--- EXERCISE MATERIAL ---

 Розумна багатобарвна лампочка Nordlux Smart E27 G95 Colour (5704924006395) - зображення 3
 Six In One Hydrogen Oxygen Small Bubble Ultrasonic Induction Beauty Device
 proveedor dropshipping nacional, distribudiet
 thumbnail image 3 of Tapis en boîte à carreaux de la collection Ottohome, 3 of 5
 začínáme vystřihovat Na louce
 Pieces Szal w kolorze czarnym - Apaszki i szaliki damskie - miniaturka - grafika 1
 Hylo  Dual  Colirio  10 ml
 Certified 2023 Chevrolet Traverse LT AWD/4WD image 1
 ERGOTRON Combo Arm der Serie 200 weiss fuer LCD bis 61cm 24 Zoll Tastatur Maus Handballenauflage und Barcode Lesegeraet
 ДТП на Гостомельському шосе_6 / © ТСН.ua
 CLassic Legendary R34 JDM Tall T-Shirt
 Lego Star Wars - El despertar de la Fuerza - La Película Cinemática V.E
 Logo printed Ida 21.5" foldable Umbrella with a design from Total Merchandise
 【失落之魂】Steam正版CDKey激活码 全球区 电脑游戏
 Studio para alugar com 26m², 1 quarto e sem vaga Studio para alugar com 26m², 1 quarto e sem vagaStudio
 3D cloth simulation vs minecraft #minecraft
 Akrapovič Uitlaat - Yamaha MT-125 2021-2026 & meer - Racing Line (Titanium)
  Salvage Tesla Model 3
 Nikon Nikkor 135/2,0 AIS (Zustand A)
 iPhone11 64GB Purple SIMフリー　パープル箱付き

---

[WORK REQUEST] The full set of records, transcribed exactly, is the answer.

[PROBLEM SOLUTION]
 Розумна багатобарвна лампочка Nordlux Smart E27 G95 Colour (5704924006395) - зображення 3
 Six In One Hydrogen Oxygen Small Bubble Ultrasonic Induction Beauty Device
 proveedor dropshipping nacional, distribudiet
 thumbnail image 3 of Tapis en boîte à carreaux de la collection Ottohome, 3 of 5
 začínáme vystřihovat Na louce
 Pieces Szal w kolorze czarnym - Apaszki i szaliki damskie - miniaturka - grafika 1
 Hylo  Dual  Colirio  10 ml
 Certified 2023 Chevrolet Traverse LT AWD/4WD image 1
 ERGOTRON Combo Arm der Serie 200 weiss fuer LCD bis 61cm 24 Zoll Tastatur Maus Handballenauflage und Barcode Lesegeraet
 ДТП на Гостомельському шосе_6 / © ТСН.ua
 CLassic Legendary R34 JDM Tall T-Shirt
 Lego Star Wars - El despertar de la Fuerza - La Película Cinemática V.E
 Logo printed Ida 21.5" foldable Umbrella with a design from Total Merchandise
 【失落之魂】Steam正版CDKey激活码 全球区 电脑游戏
 Studio para alugar com 26m², 1 quarto e sem vaga Studio para alugar com 26m², 1 quarto e sem vagaStudio
 3D cloth simulation vs minecraft #minecraft
 Akrapovič Uitlaat - Yamaha MT-125 2021-2026 & meer - Racing Line (Titanium)
  Salvage Tesla Model 3
 Nikon Nikkor 135/2,0 AIS (Zustand A)
 iPhone11 64GB Purple SIMフリー　パープル箱付き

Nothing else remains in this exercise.